How would one be able to do such a situation any justice using photography? An obvious solution might be to show up with a view camera, to produce what in a different context was termed concrete clickbait in the context of an article by Owen Hatherley (for Calvert Journal): photography is very good at describing form, but very bad at containing background information. Consequently, the aestheticization that the medium is so good at not only risks short circuiting a viewer’s critical facilities, it also invites coming to exactly the wrong conclusions. After all, can — or maybe should — it be a photographer’s task to turn something awful into awesome pictures?

With vast parts of art photography being dominated by essentially camera-club thinking (at the time of this writing, I’m noting a resurgence of view-camera photography), this basic conundrum is only being amplified. Of course, one could argue over whether any of this is a problem. Why shouldn’t photographs of even the most awful things look awesome? But the aestheticization of — in this case — brutalist architecture that reflects and sustains human misery essentially only serves to never get to a point where said misery can be considered. Instead, we’re basically back to the level of architectural models, only that now a photographic abstraction (that glosses over relevant details) has replaced an architectural one (ditto).

Photography is very good at describing form, but very bad at containing background information. Consequently, the aestheticization that the medium is so good at not only risks short circuiting a viewer’s critical facilities, it also invites coming to exactly the wrong conclusions.

This consideration applies to large parts of contemporary photography, and it being mostly ignored concerns me. Make no mistake, I’m no fan of the kind of agitprop churned out by, let’s say, “concerned photographers”. Much like brutalist architects, they started out with good intentions but fell way short of what they intended to achieve, leaving us with pictures that now mostly reek of a Family of Man style sentimentality. In general, I firmly believe that photography that is agitprop simply cannot be art (because by construction art precludes agitprop’s prescriptiveness).

Maybe there isn’t even a real solution here, other than a photographer’s interest in not falling into the trap of aestheticizing something at the expense of someone who also — conveniently — happens not to be part of the eventual discourse (don’t get me started on the road-trip crowd that photographs sad looking underprivileged bearded strangers in the American West).

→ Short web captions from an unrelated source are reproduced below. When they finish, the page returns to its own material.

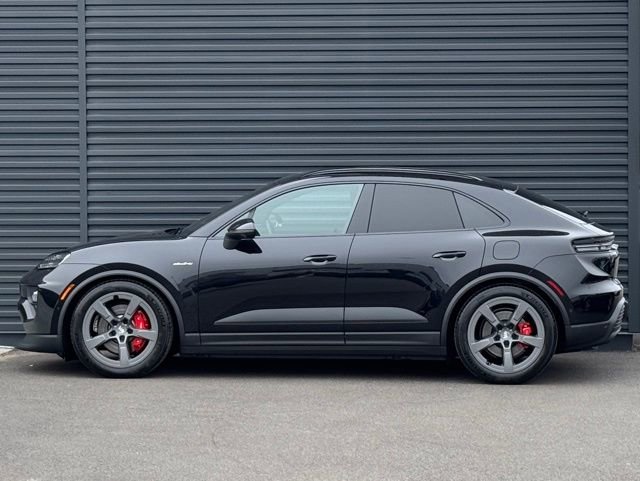 New 2026 Porsche Macan 4S Electric AWD/4WD image 2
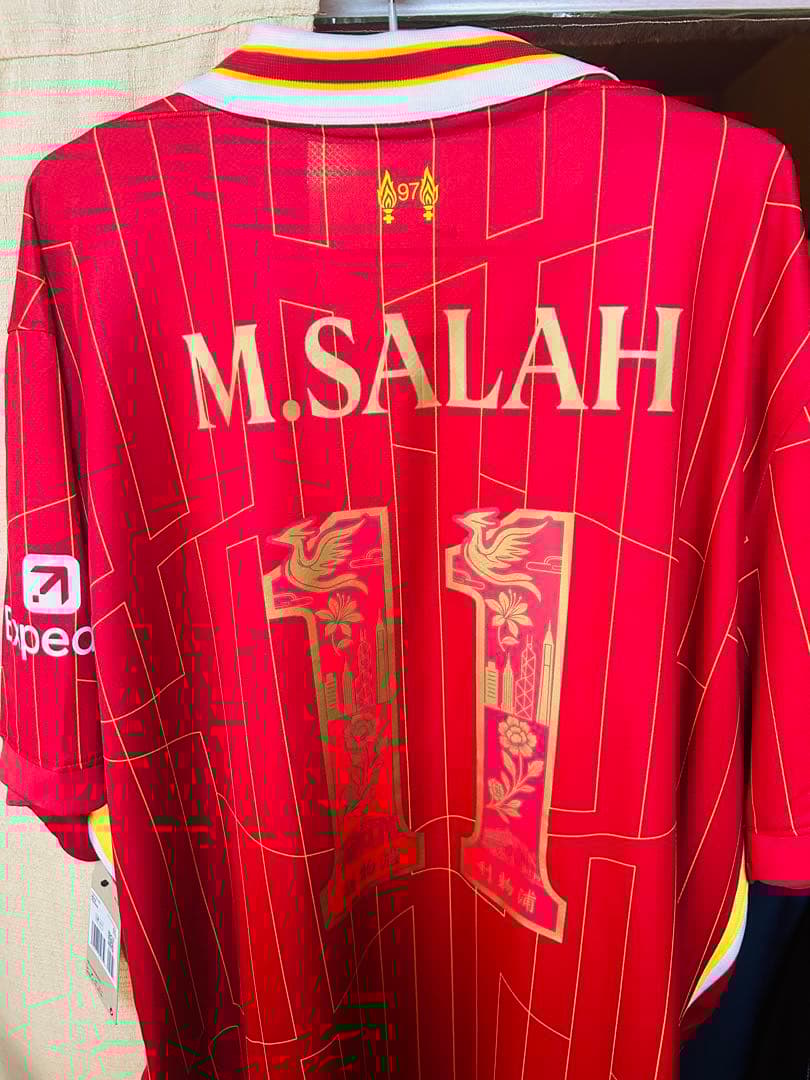 【日本未発売・新品タグ付き】リヴァプール ホームユニフォーム（XXL）サラー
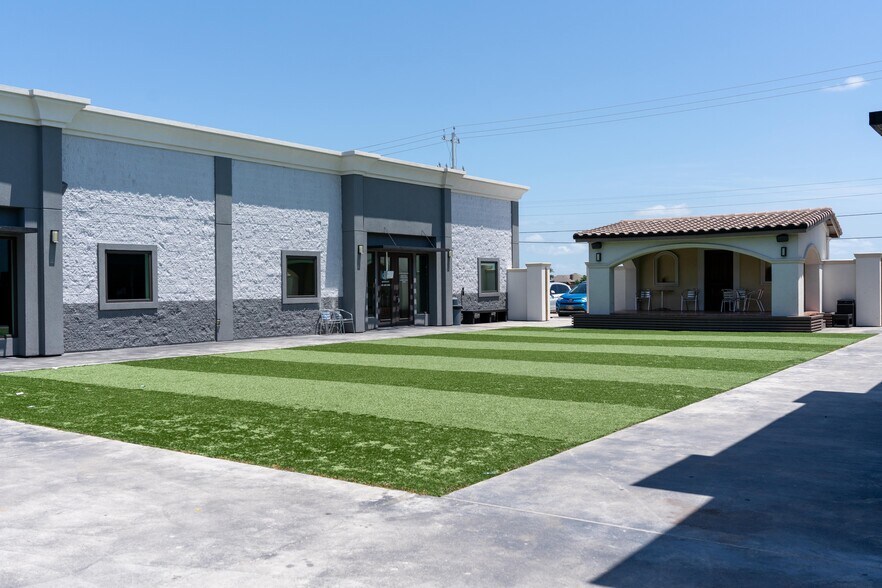 More Photos Of 1290 FM 43, Corpus Christi Storefront For Sale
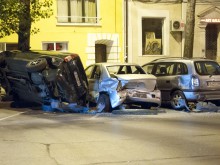 Руски дипломатически автомобил потроши 4 коли в центъра на София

In a nutshell, I don’t think someone else’s misery should be the subject of your own personal/artistic enrichment as a photographer (I don’t mean enrichment in a mostly economical sense here). It just shouldn’t. That feels very wrong to me. (Obviously, your mileage might vary.)

With all that said, how would one go about photographing Vele di Scampia? One possible solution is provided by Tobias Zielony‘s Vele. The book was already released in 2014. But over the past years it has exerted an ever increasing pull on me, especially in light of some of the recent developments that have preoccupied vast parts of photoland. Vast parts of this photographer’s work center on subjects who are stuck in anonymous looking, run down wastelands. More often than not, these subjects tend to be young.

Unlike many other artists working on the larger theme of youth, Zielony does not cater to ideas of lifestyle, though. In a sense, if Ryan McGinley‘s fashionably vapid depiction of the glory of youth is one side of the coin, Zielony’s is the other — much more interesting — one. Where many of McGinley’s photographs look like they’re advertizing a life style more than anything, Zielony’s pull back the curtain to reveal the utter shallowness of that endeavour.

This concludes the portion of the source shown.